→ DATA RECORDS:

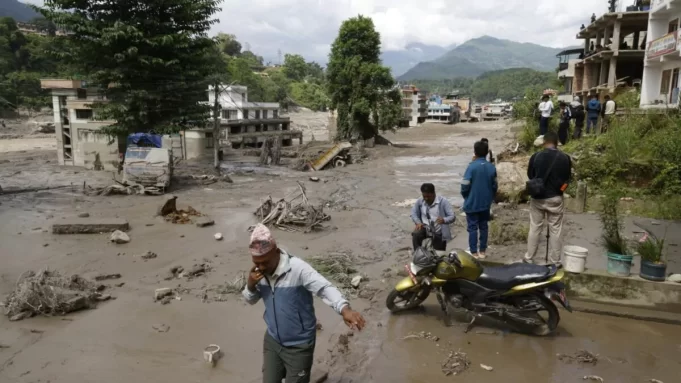 10,000 familias necesitan ayuda urgente tras inundaciones en Nepal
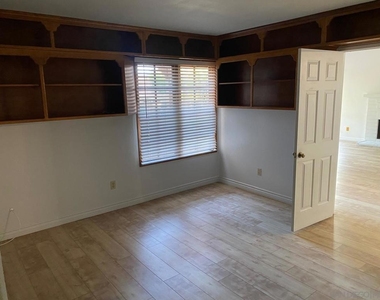 12592 Heatherfield Ln - Photo Thumbnail 34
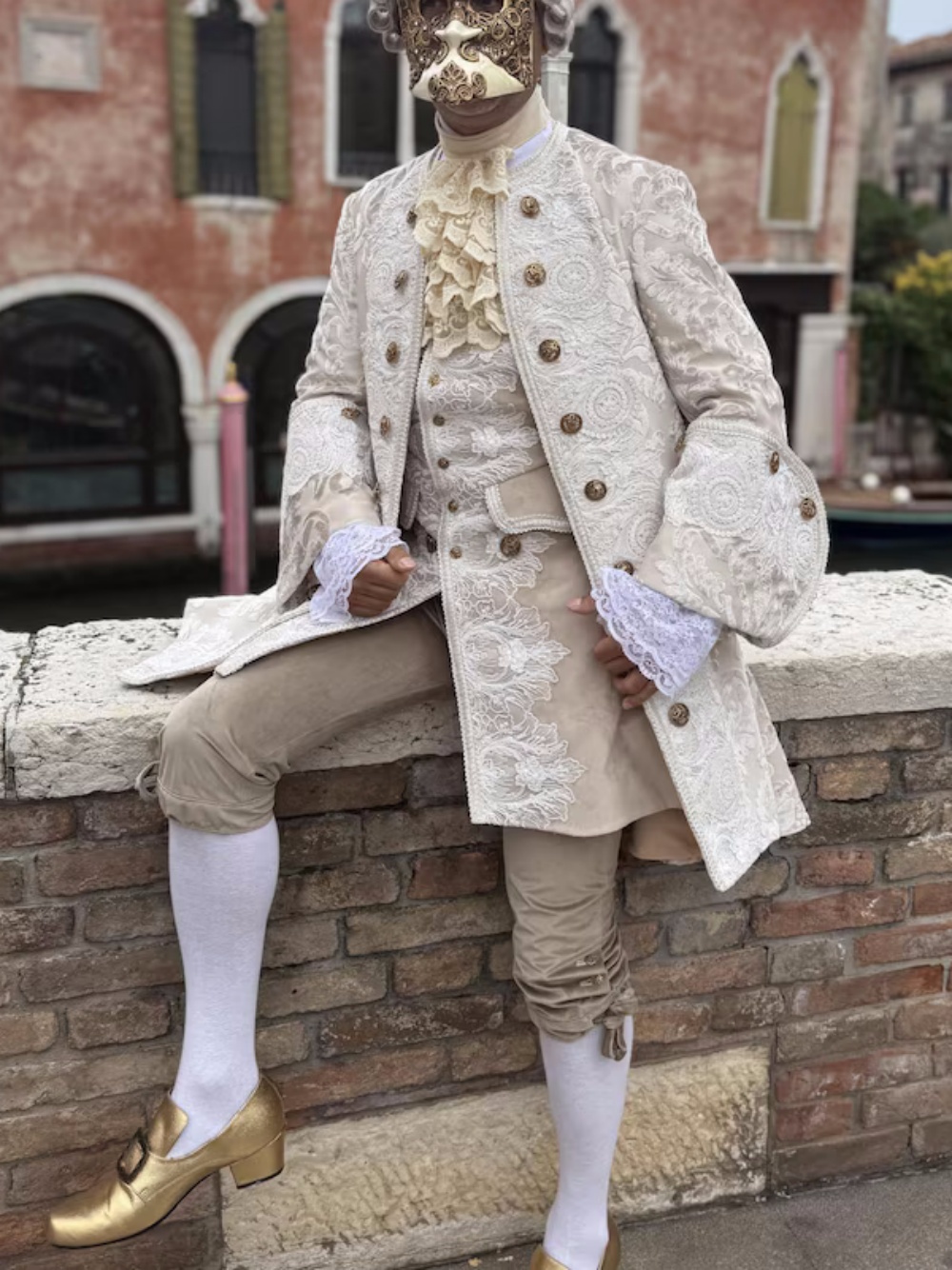 1700s White French Court Weddi - Badminton Victory incelemesi ve fiyatı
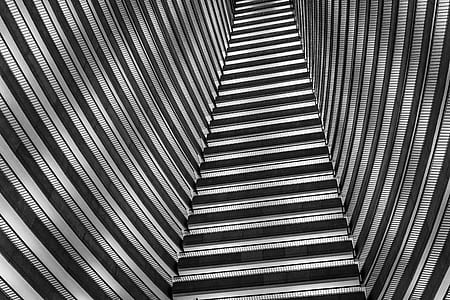 black and white building illsutration thumbnail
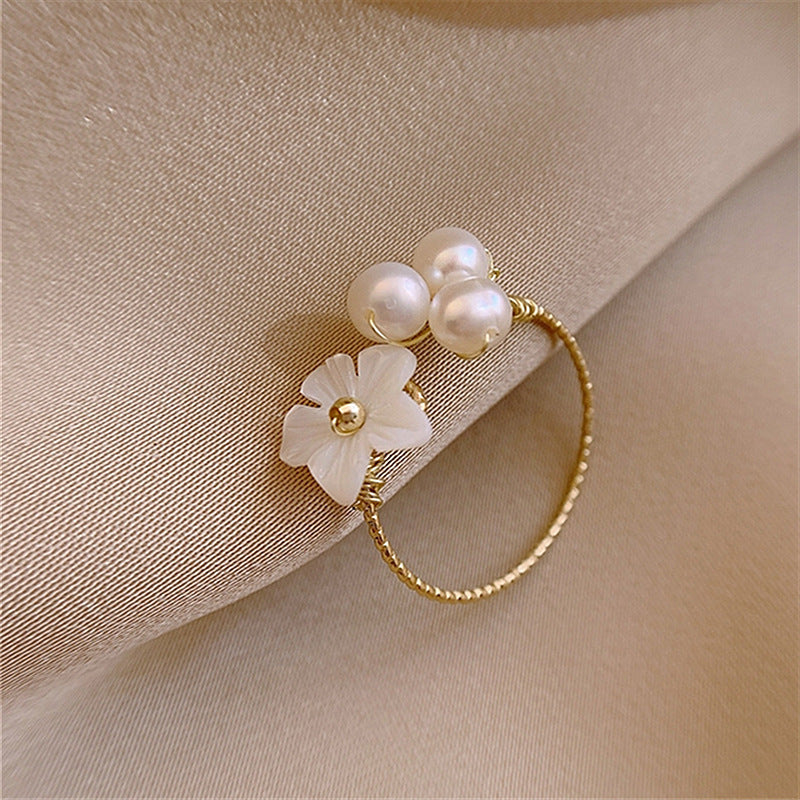 Elegant Pearl Ring for Every Occasion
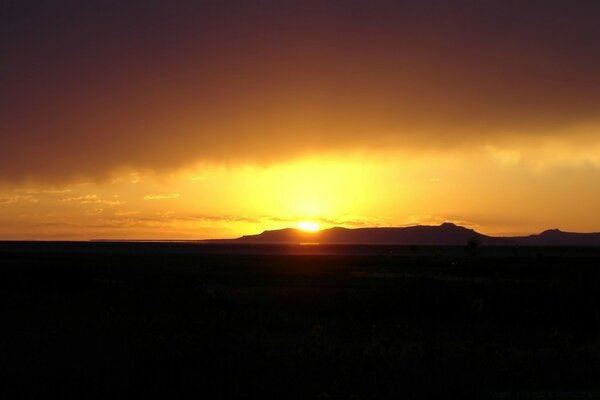 El sol de la tarde cae sobre el horizonte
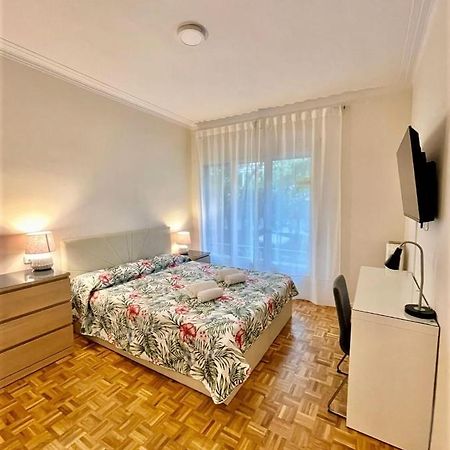 Villarroel Habitaciones Barcelona Ngoại thất bức ảnh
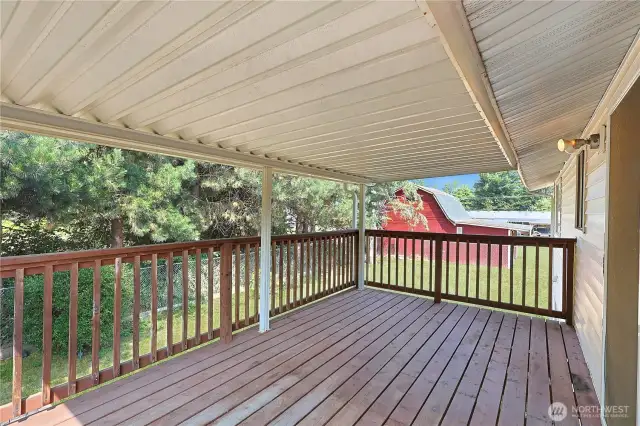 Area for entertaining or relaxing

→ PROBLEM DESCRIPTION: The pictures in the listing above are to be dropped, and everything else reproduced exactly.

→ ANSWER BELOW:
 10,000 familias necesitan ayuda urgente tras inundaciones en Nepal
 12592 Heatherfield Ln - Photo Thumbnail 34
 1700s White French Court Weddi - Badminton Victory incelemesi ve fiyatı
 black and white building illsutration thumbnail
 Elegant Pearl Ring for Every Occasion
 El sol de la tarde cae sobre el horizonte
 Villarroel Habitaciones Barcelona Ngoại thất bức ảnh
 Area for entertaining or relaxing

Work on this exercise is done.